- Michael Biehn as Corporal Dwayne Hicks in Aliens
- First appearance: Aliens (1986)
- Last appearance: Aliens: Colonial Marines (2013)
- Created by: James Cameron
- Portrayed by: Michael Biehn James Remar (initial production)

In-universe information
- Gender: Male
- Occupation: Senior corporal

= Dwayne Hicks =

Fictional character in Alien franchise

Corporal Dwayne Hicks, also known mononymously as Hicks, is a fictional character in the Alien franchise. First appearing in the film Aliens, he was portrayed by actor Michael Biehn. The character is a Senior Corporal of the United States Colonial Marine Corps aboard the USS Sulaco and is one of only four survivors of the Sulaco crew's expedition to LV-426, along with Ellen Ripley, Rebecca "Newt" Jorden, and the android Bishop. Hicks was initially killed during the introduction of the film's sequel Alien 3, a decision that garnered negative backlash from fans of the franchise.

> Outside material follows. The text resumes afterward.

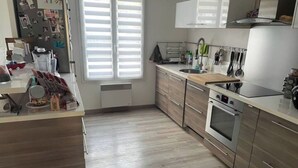 A modern kitchen with wooden cabinets, a built-in oven, and a stainless steel sink.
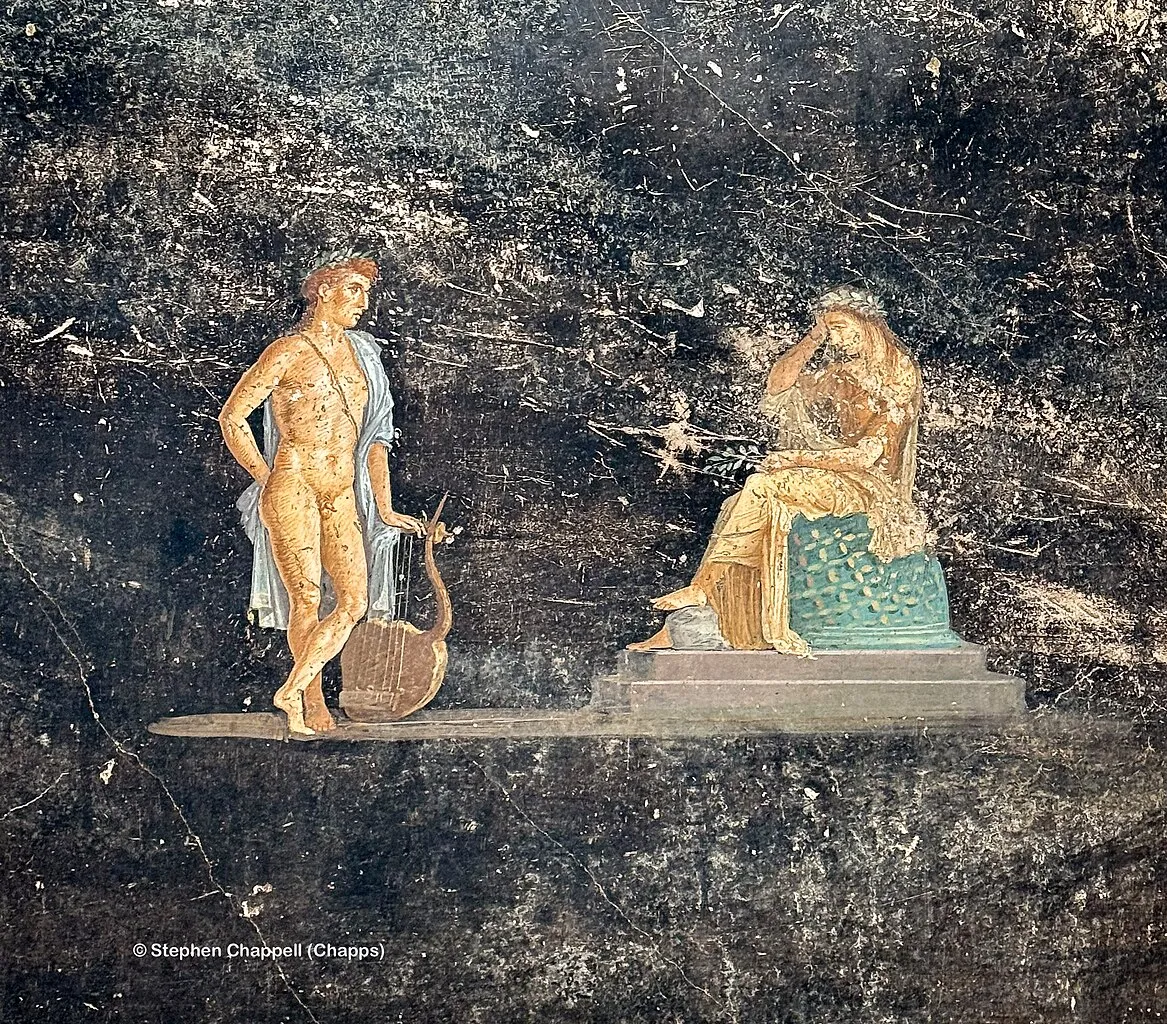 Fresco of Apollo and Cassandra from the newly excavated Black Room, Pompeii. Chappsnet, CC BY-SA 4.0, via Wikimedia Commons.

Hicks was later rewritten to have survived, as he returns as the main protagonist of the "Stasis Interrupted" DLC in the videogame Aliens: Colonial Marines and as a side character in the game's main story.

==Fictional character biography==

===Aliens===

Corporal Dwayne Hicks and his unit were selected by Lieutenant Gorman (William Hope) to be dispatched on a mission to the planet of LV-426, accompanied by Weyland-Yutani Corporation representative, Carter Burke (Paul Reiser) and the sole survivor of the USCSS Nostromo, Ellen Ripley (Sigourney Weaver). As with the rest of his crew, Hicks believed that the mission was a waste of time, and Ripley's belief that there were alien lifeforms on the planet was nonsensical and they were only going to uncover a communications breakdown at the colony of Hadley's Hope. Eventually, the group discovers a lab with contained "Facehuggers", holes in the floors from the Xenomorph's acid blood, and a young girl hiding from the creatures named Newt (Carrie Henn). The marines descend further into the colony, where they find the Xenomorph's hive. One of the colonists gave birth to a "Chestburster", which was set ablaze by Sergeant Apone (Al Matthews), which woke the aliens and attacked the marines. As the marine squadron was being massacred by the aliens, Hicks, along with Privates Hudson (Bill Paxton) and Vasquez (Jenette Goldstein) were able to escape back to the APC with Newt.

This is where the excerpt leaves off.